Finance & Economy | News & Insights

CITI compliment the Government for focusing on investment & R&D

Published: February 2, 2024
Author: TEXTILE VALUE CHAIN

But the industry is concerned about the slow implementation of schemes & continued financial stress

New Delhi, Thursday, 1st February 2024: Confederation of Indian Textile Industry (CITI) Chairman Shri Rakesh Mehra congratulated the Hon’ble Finance Minister Smt. Nirmala Sitharaman for presenting her 6th budget which is aimed at making India a Viksit Bharat by 2047 with a focus on complete development, all-inclusive, and all-pervasive.

Speaking on the budget, Shri Mehra said that there has not been any major policy announcement in the present budget, being an interim budget but the industry needs immediate relief from the financial stress, especially in the spinning sector.

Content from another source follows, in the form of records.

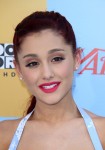 Ariana Grande B2d73b1328158390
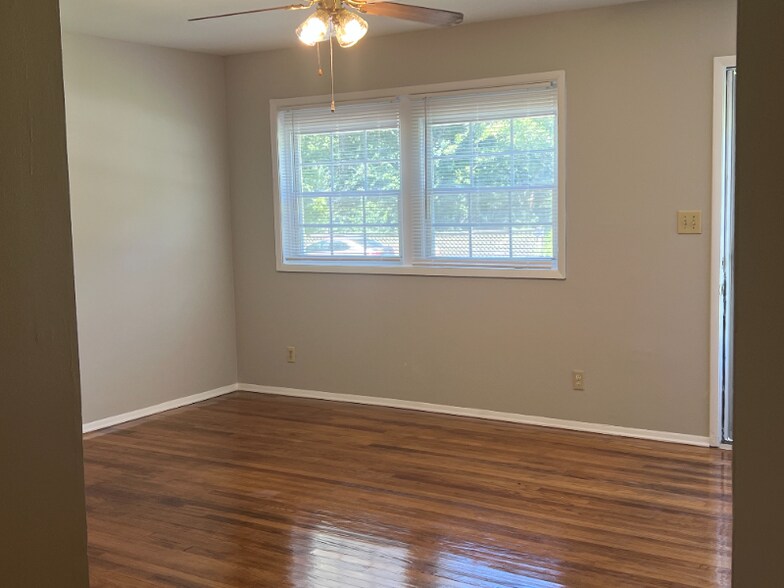 Building Photo - 1490 Cedar Creek Ln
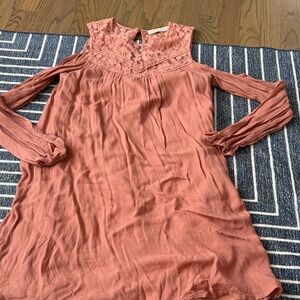 Chic Lace Detail Dress - Soft Pink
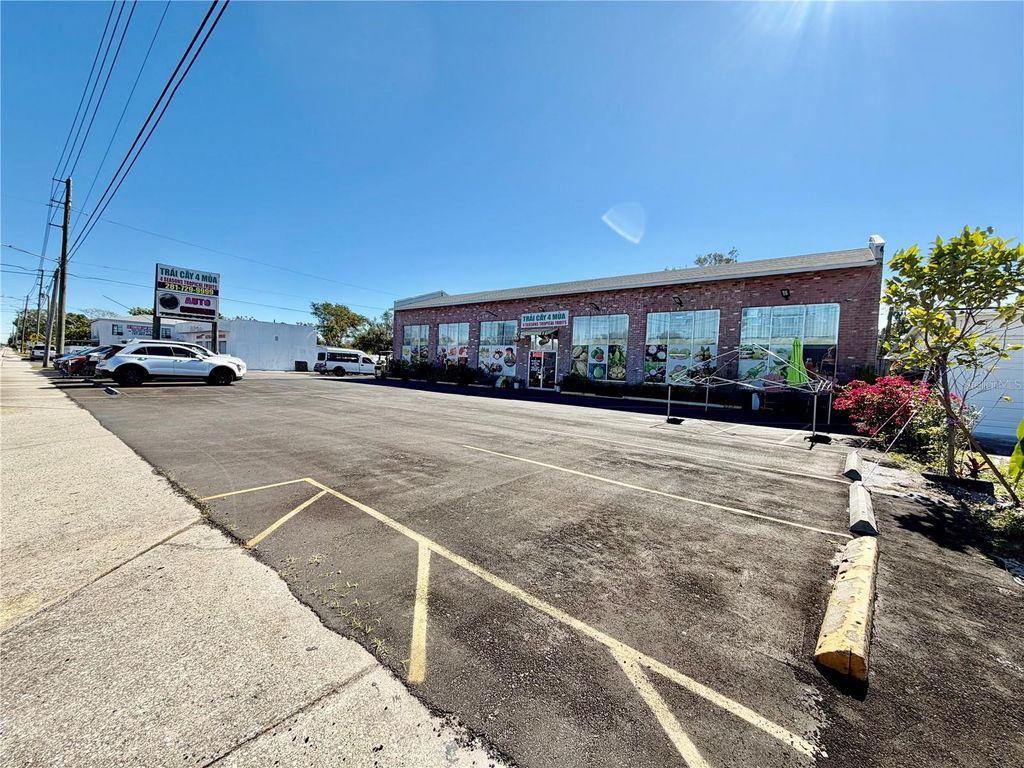 Photo of 4022 54th Avenue N, St Petersburg, FL 33714 (MLS # TB8472389)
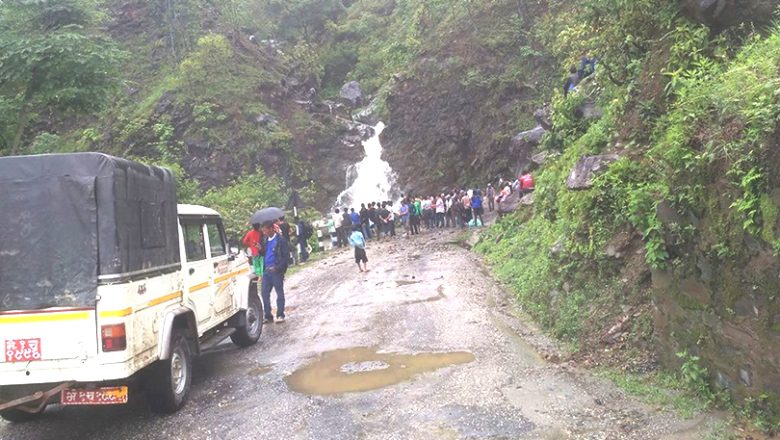 कर्णालीका ५ राजमार्ग अवरुद्ध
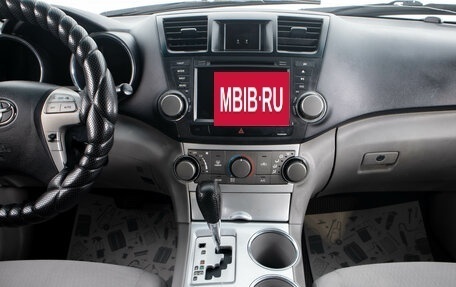 Toyota Highlander III, 2009 год, 1 349 000 рублей, 15 фотография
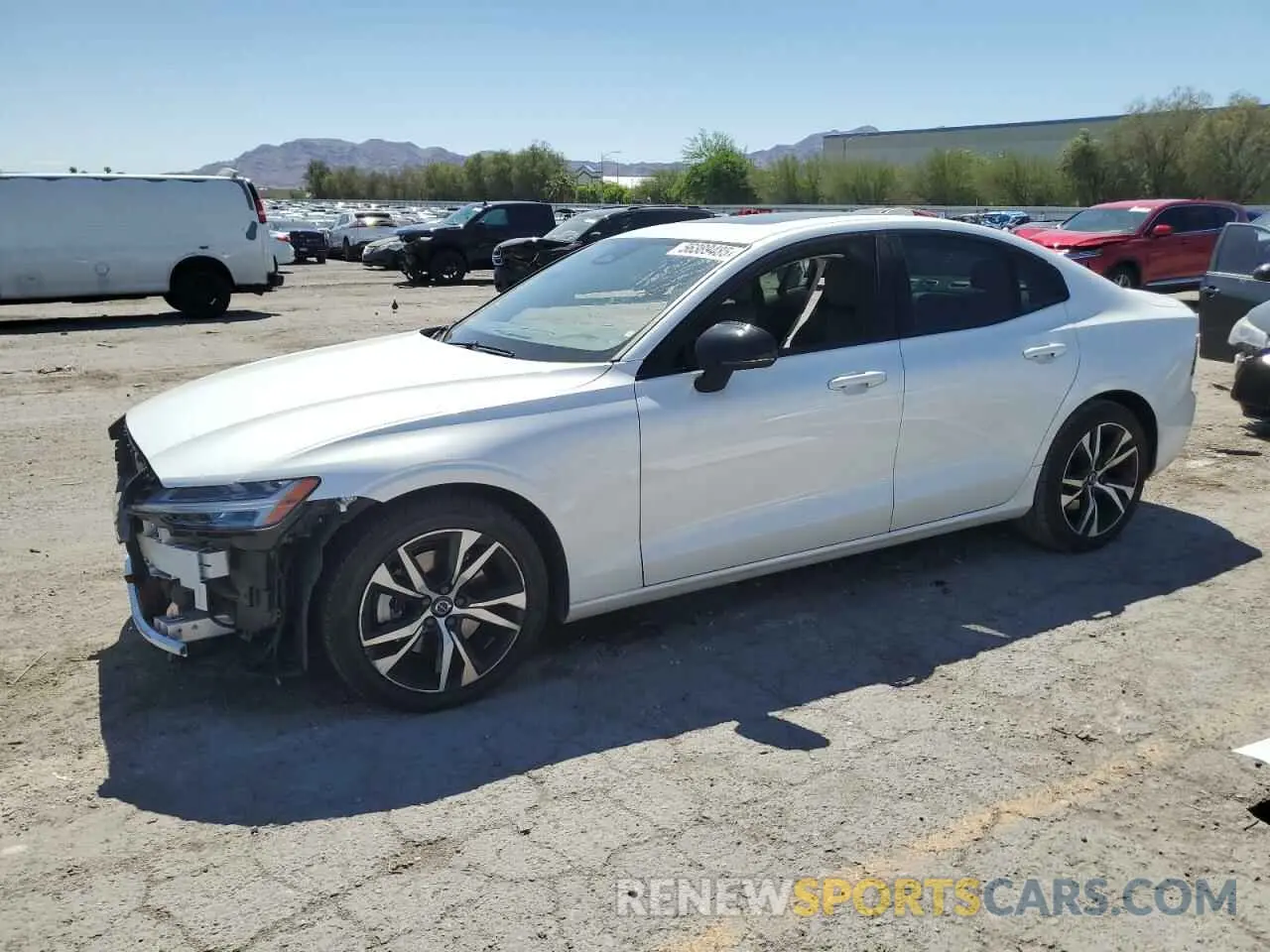1 Photograph of a damaged car 7JRL12FK6RG313431 VOLVO S60 CORE 2024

The budget allocation for Textiles has increased by 27.6%, largely due to the allocation of Rs 600 crore for CCI towards the cotton MSP operations. He expressed hope that the cotton procurement will be as per revamped policies recommended by user industry associations to ensure price stability and discourage speculative trading. CITI has recommended commencing selling the cotton from February/ March depending upon the arrival pattern, retaining the MSP procured cotton as a buffer stock, releasing the cotton whenever the Indian cotton price exceeds the international price, extending a uniform fee period of 60 days for all the actual users, etc.

He further stated that the Apparel industry is happy to note the extension in the RoSCTL scheme for 2 years. However, in the present budget, the allocation for RoSCTL and RoDTEP has increased by 10% and 5.8% respectively, which is modest. The industry is trying to enhance export performance and expects better allocations for trade promotion in the full budget to be announced after the elections.

Industry appreciates the increased allocations towards PM MITRA and National Technical Textile Mission (NTTM) and Research & Capacity Building highlighting the stress of the Government on the investment. However, the slow uptake of PLI and an absence of alternatives to the TUFS scheme is impacting investment in the sector. The industry has also been requesting for closure of the pending TUFS cases at the earliest.

Shri Mehra expressed his happiness towards the focus on stimulating domestic consumption which may drive economic expansion and can be good for all manufacturing segments, including textiles, which are facing demand slump. The commitment to maintaining a fiscal deficit of 5.1%, and ensuring fiscal discipline while supporting economic growth is poised to help in this.

While in the present budget, the Government has not made any changes in the existing BCD & Indirect taxation, we are extremely sure that the Government will consider the Industry’s demand to remove the import duty from Cotton and Cotton Waste as also increase the BCD on MMF Yarn from present 5% to 10% to curb cheaper imports and reduce blockage of working capital, in the full budget, said Shri Mehra.

Shri Mehra applauded the focus on empowering MSMEs for growth and global competitiveness, Energy Security, Commitment to meet Net Zero by 2070, Promoting investments through increased expenditure towards infrastructure development, and increased focus on bilateral treaties in the spirit of ‘First Develop India’.